- **Saved entries**:
-*-*-

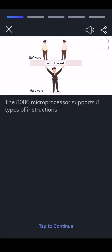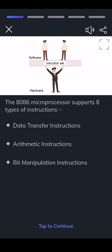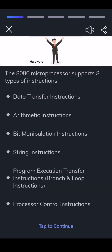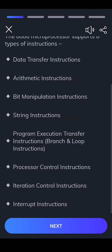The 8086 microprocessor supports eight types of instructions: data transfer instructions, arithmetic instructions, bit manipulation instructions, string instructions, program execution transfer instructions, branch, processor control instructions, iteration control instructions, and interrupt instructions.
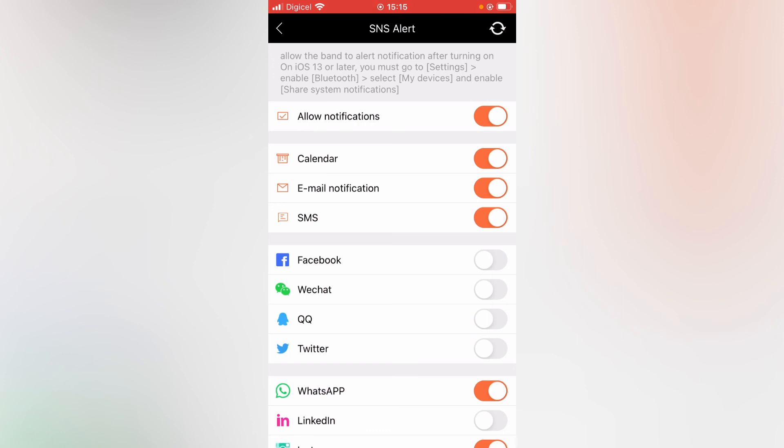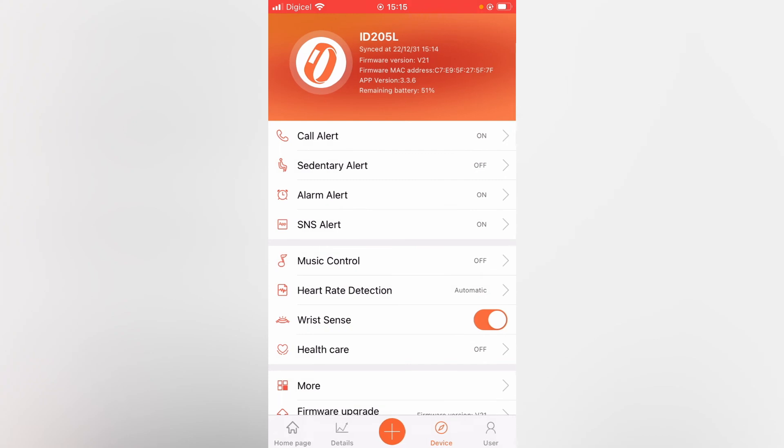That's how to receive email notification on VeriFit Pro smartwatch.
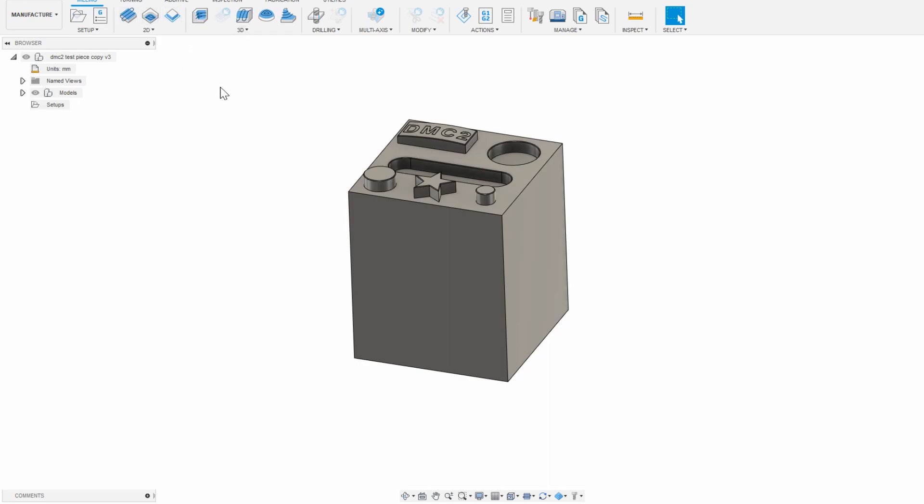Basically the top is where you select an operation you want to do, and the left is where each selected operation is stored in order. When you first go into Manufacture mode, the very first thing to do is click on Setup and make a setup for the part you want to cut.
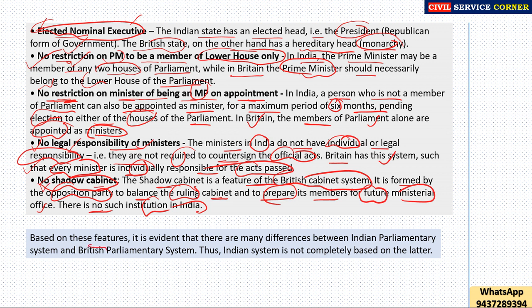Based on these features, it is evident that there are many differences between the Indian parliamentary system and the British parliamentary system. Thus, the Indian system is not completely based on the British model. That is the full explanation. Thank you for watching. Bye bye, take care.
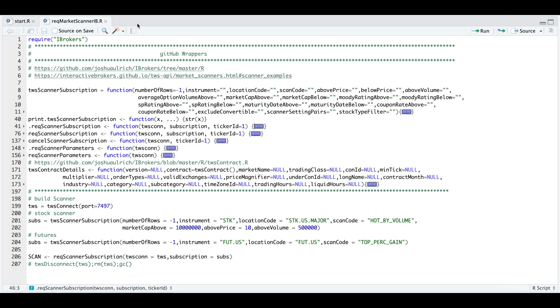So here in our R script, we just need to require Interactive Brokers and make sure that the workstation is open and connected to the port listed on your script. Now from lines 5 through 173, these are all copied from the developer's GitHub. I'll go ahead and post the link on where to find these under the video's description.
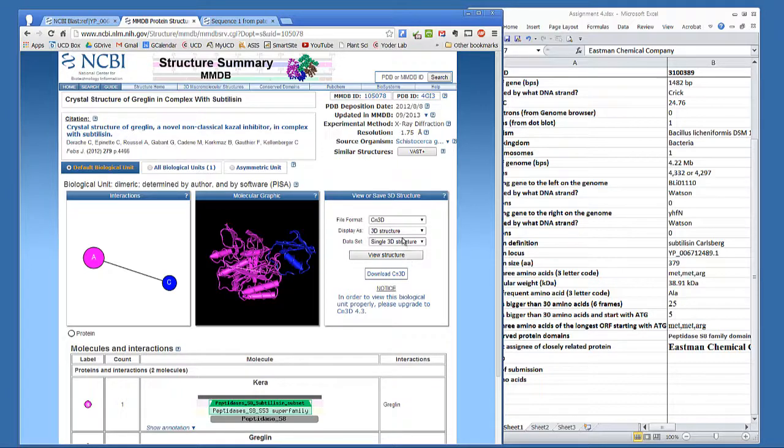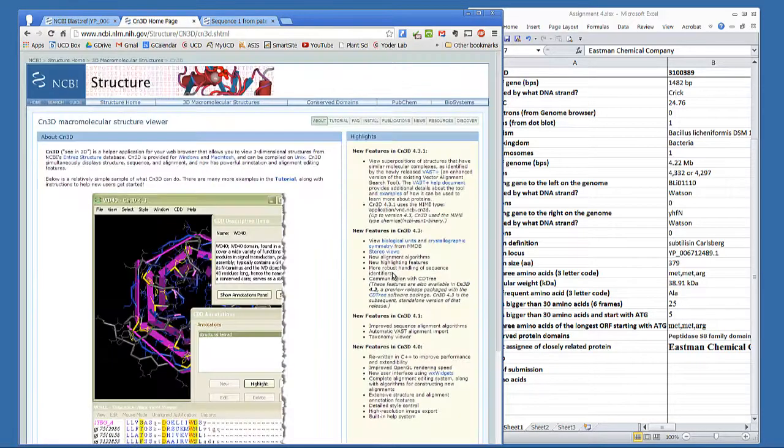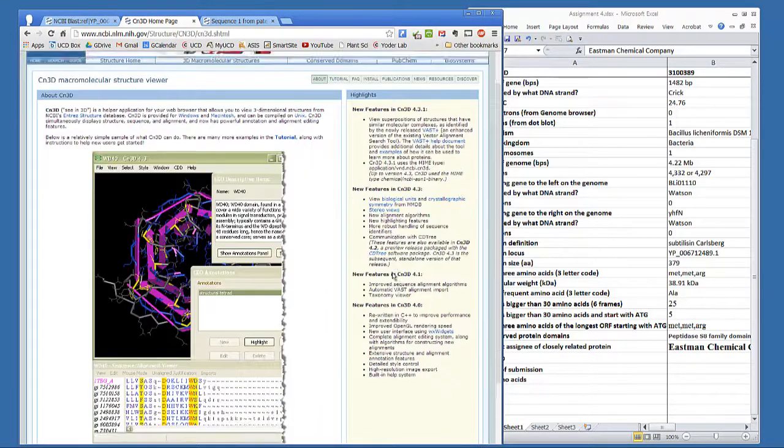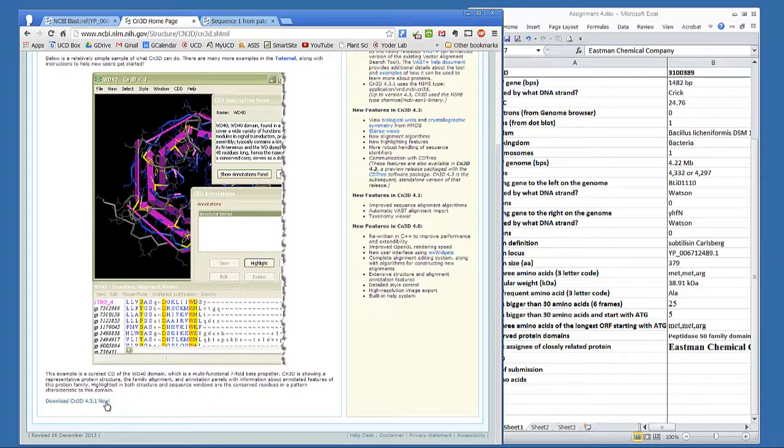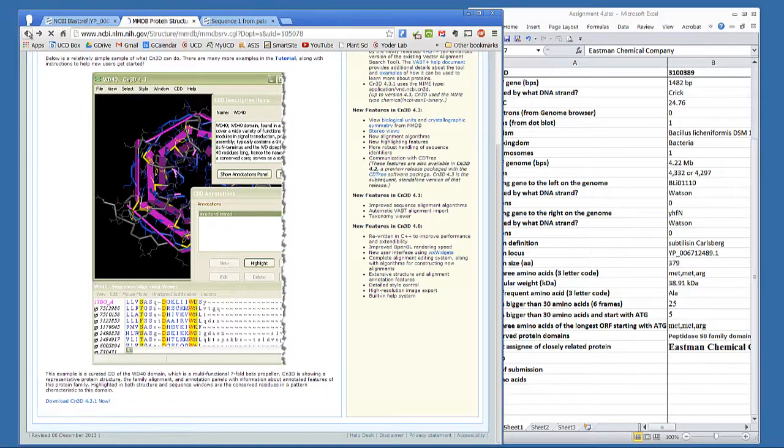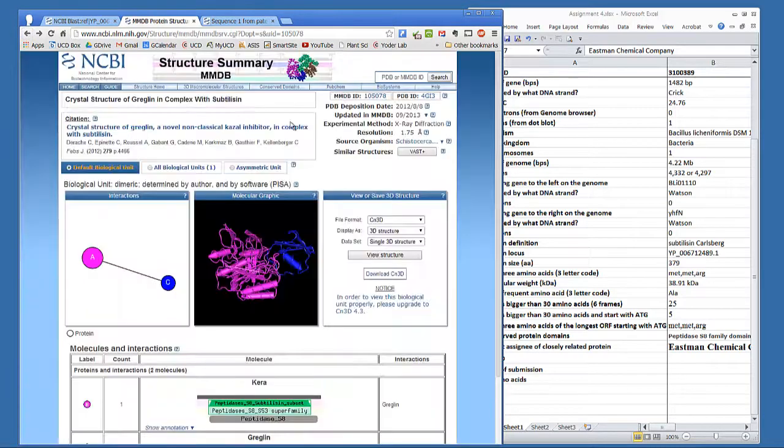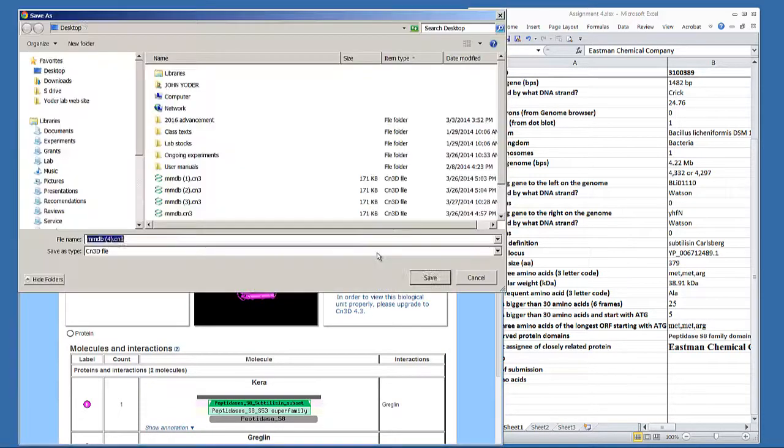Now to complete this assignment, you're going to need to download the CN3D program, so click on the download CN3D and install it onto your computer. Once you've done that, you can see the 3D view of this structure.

-*-*-

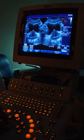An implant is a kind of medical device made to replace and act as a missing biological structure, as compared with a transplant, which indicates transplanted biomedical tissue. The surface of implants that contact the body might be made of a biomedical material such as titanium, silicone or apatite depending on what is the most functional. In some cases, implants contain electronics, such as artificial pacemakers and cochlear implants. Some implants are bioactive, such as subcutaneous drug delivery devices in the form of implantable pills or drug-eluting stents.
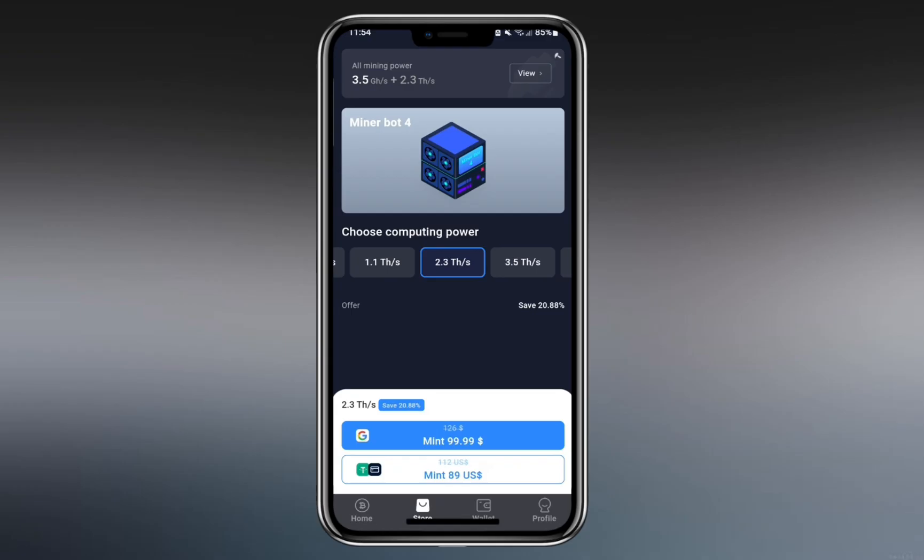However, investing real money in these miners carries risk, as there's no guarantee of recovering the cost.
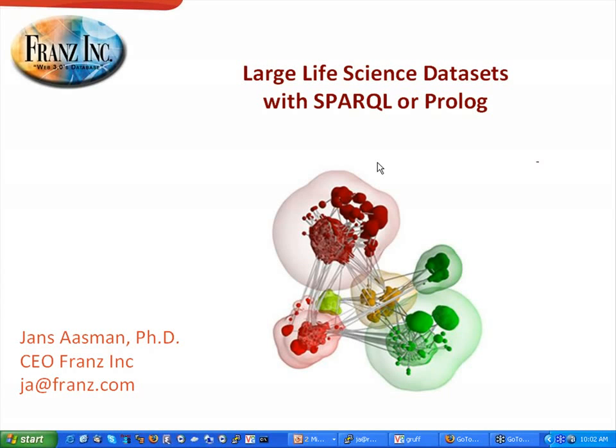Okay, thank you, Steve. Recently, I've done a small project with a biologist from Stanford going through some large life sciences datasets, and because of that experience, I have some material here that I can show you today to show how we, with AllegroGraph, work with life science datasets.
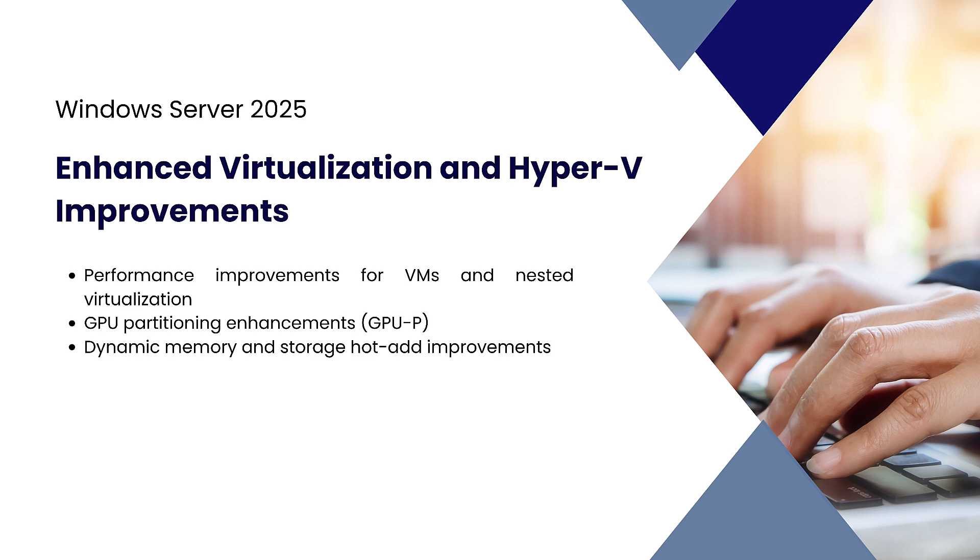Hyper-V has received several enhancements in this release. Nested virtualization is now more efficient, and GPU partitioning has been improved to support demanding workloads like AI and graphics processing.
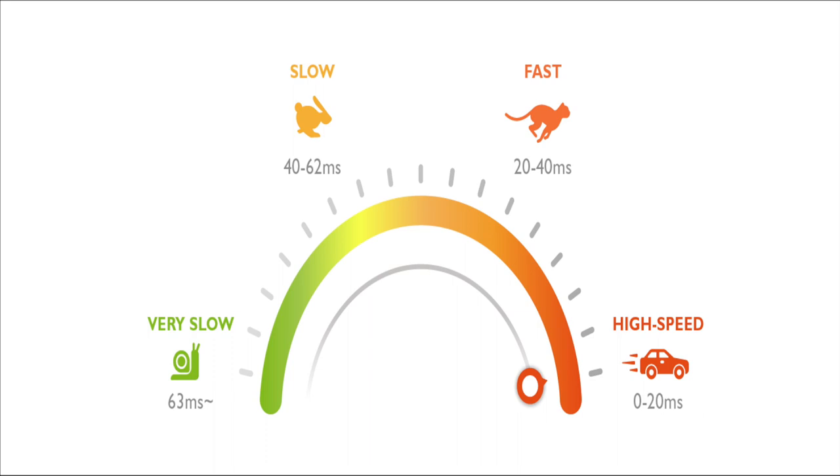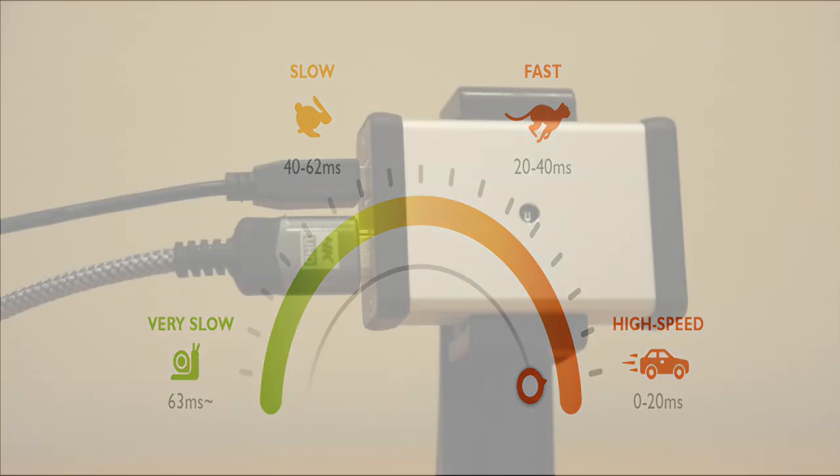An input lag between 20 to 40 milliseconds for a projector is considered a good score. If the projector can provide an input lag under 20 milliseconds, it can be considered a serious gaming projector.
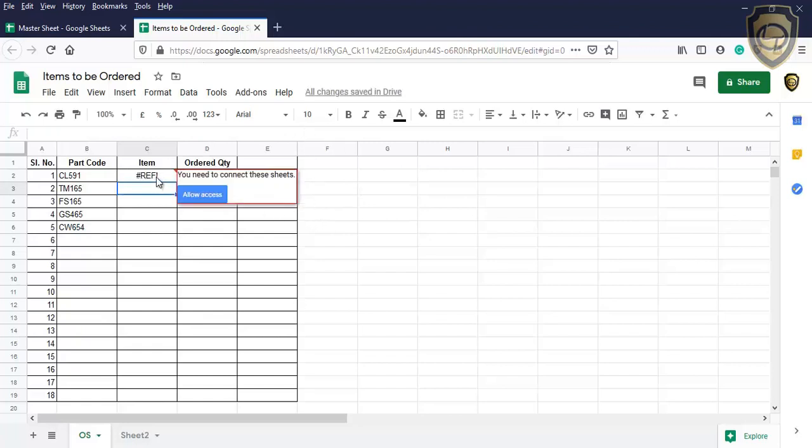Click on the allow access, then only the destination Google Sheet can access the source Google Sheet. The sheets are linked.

-*-*-

From the entries above, copy exactly the lines starting at the one with "Based on these" and stopping at the one with "Now to complete", keeping both ends. Drop the pictures.

- **TASK SOLUTION**:
Based on these features, it is evident that there are many differences between the Indian parliamentary system and the British parliamentary system. Thus, the Indian system is not completely based on the British model. That is the full explanation. Thank you for watching. Bye bye, take care.
So here in our R script, we just need to require Interactive Brokers and make sure that the workstation is open and connected to the port listed on your script. Now from lines 5 through 173, these are all copied from the developer's GitHub. I'll go ahead and post the link on where to find these under the video's description.
Now to complete this assignment, you're going to need to download the CN3D program, so click on the download CN3D and install it onto your computer. Once you've done that, you can see the 3D view of this structure.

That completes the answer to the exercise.